While tremendous performance improvements (especially price performance) are being made in OpenGL cards, there will always be geometric models that bring the best card to it's knees. For example, a high performance card might be able to render 15 million triangular facets per second. For interactive rates of 20 frames per second this means that one can display geometry with 750,000 polygons, if one wishes to render in stereo that drops to models with 375,000 triangular polygons. While this might seem a large number of polygons for those in the virtual reality or games market, it is a relatively low polygon count for many scientific visualisation applications. As an example, the terrain model shown below of Mars contains over 11 million triangular polygons.
A solution that follows the trends in cluster computing is to distribute the OpenGL rendering load among a number of machines. Fortunately, OpenGL maintains a depth buffer and this buffer is accessible to the programmer using glReadPixels(). The idea then is to split up the geometry making up the scene and distribute each piece to one OpenGL card, generally each card will be in a separate computer. Each card will then only need to render a subset of the geometry. For example, for a terrain model it is quite easy to split the polygons up evenly (the splitting of the geometry so that each OpenGL card is evenly loaded is not always trivial) so if there are N machines, each one only handles 1/N of the total number of polygons.

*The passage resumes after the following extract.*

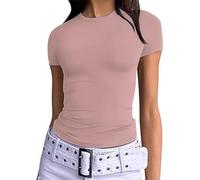 Maglietta da donna a maniche corte, slim fit, basic, t-shirt estiva, blusa, top classico, M/corot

Each OpenGL card then renders it's portion of the geometry and sends the image and depth buffer to be merged into the final image. The logic for this is straightforward, set a pixel in the final image to the pixel in the subimage which has the smallest depth value, ie: is closest to the camera.
Part 1 | |
Part 2 | |
Part 3 | |
Composited image |
The fundamental problem with this technique is bandwidth. Consider rendering a 800 x 600 RGB model at 20 frames per second. There are 3 bytes for each image pixel and 4 bytes for each depth buffer pixel. So to transmit an image/depthbuffer pair from one machine to another requires (3 + 4) * 800 * 600 bytes or just over 3MB. For interactive performance at 20 frames per second this requires a bandwidth of 60MB per second which is clearly more than the capabilities of all but the very highest performance networks. To make matters worse even higher bandwidth is required the more OpenGL cards participate in the rendering although bandwidth bottlenecks can be reduced by arranging the OpenGL cards/machines in a tree structure and combining the image/depthbuffer pairs as the image pieces move up the tree.